What is the future for Vietnamese clothing and footwear in US-China tensions?
Chinese investment in textiles, garments and footwear to Vietnam is expected to be stronger, but with that comes the risk of investigation from the US.
"In the two previous times participating, our business delegation closed quite a few contracts. Last year, there was a unit that sold dozens of machines right at the exhibition, with each machine costing tens of thousands of USD," Mr. Liang Qi Ming - Event Project Management Director, Representative of Guangdong Garment Equipment Chamber of Commerce (China) shared before the VTG 2018 textile technology exhibition which will take place at the end of November in Ho Chi Minh City.

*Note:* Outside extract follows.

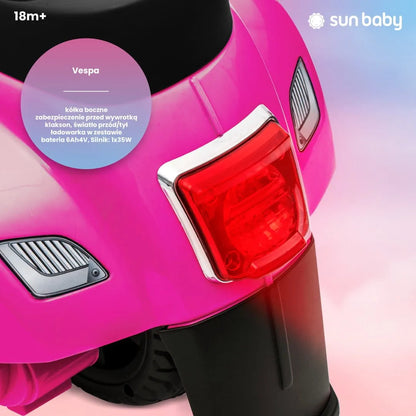 „Sun Baby“ mini akumuliatorinis „Vespa“ paspirtukas, fuksijų rožinės spalvos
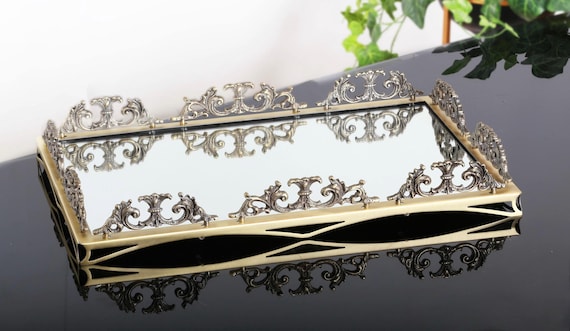Vassoio Vintage Nero Hanna Roberts Con Base In Vetro A Specchio - 31x19x3 Cm - Gotico/Dark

FDI capital flow into Vietnam’s textile and garment industry is one of the reasons that foreign manufacturers and traders of machinery and raw materials are excited. Mr. Liang Qi Ming said that there are even Guangdong enterprises that have pre-registered for the 2019 exhibition.
FDI capital in textiles and garments has increased sharply since Vietnam began negotiating the TPP. At its peak in 2014 and 2015, foreign capital committed to pouring in was 1.75 and 2.6 billion USD, respectively. In 2017, when the US announced its withdrawal from the TPP, total FDI capital poured into textiles and garments was 651.4 million USD. However, CPTPP, EVFTA and US-China trade tensions are the reasons why FDI capital in textiles and garments is expected to increase again.
"This war will accelerate the process of Chinese textile and garment enterprises leaving the country. If they want to move their factories, Southeast Asia, Africa and South Asia are the three destinations they will go to. In Southeast Asia alone, Vietnam is a bright spot. In fact, before the tension, they had already moved," commented Mr. Nguyen Binh An - General Secretary of the Vietnam Cotton and Spinning Association (VCOSA).
The story is similar in the footwear industry. "There are 30 footwear enterprises in our province that have factories or offices in Vietnam," said Zhong Yan Li, from the Guangdong Shoe Machinery Association.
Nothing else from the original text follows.